WHAT THE TASK REQUIRES – Write the line that contains "Thực phẩm chức" and each one after it, word for word, ending with the final line of the data.

(Saved entries)
****

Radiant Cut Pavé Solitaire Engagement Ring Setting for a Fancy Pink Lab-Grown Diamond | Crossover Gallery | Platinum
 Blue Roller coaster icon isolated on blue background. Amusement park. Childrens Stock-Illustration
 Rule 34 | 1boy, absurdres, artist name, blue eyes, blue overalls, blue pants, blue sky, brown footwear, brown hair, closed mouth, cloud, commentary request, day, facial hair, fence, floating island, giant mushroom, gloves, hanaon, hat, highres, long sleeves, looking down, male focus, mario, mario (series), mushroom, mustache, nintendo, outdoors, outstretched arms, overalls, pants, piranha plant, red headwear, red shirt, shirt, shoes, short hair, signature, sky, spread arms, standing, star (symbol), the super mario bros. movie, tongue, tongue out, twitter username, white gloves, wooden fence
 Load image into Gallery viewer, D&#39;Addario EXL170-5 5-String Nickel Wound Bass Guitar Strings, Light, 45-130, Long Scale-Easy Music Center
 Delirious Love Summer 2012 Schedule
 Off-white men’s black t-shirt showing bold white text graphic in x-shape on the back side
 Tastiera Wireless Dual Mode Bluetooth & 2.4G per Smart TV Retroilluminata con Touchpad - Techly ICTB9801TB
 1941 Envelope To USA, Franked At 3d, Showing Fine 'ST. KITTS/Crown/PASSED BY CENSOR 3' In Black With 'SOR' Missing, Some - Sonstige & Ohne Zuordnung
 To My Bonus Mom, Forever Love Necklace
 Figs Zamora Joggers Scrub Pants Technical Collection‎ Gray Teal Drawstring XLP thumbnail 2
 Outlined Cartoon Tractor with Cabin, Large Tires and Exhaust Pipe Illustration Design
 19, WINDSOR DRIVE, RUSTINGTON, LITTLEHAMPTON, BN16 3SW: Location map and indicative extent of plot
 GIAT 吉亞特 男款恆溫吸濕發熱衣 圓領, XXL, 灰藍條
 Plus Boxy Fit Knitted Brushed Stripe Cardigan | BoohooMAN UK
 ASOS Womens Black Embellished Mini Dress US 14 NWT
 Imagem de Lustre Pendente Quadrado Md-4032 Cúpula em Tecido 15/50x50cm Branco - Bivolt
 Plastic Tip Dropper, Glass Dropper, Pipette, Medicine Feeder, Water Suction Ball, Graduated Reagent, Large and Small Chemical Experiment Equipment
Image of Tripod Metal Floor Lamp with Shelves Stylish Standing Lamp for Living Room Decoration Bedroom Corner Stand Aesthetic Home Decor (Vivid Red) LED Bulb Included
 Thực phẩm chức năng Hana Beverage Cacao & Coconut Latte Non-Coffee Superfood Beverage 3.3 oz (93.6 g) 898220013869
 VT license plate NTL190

****

SOLUTION TO THIS TASK –
 Thực phẩm chức năng Hana Beverage Cacao & Coconut Latte Non-Coffee Superfood Beverage 3.3 oz (93.6 g) 898220013869
 VT license plate NTL190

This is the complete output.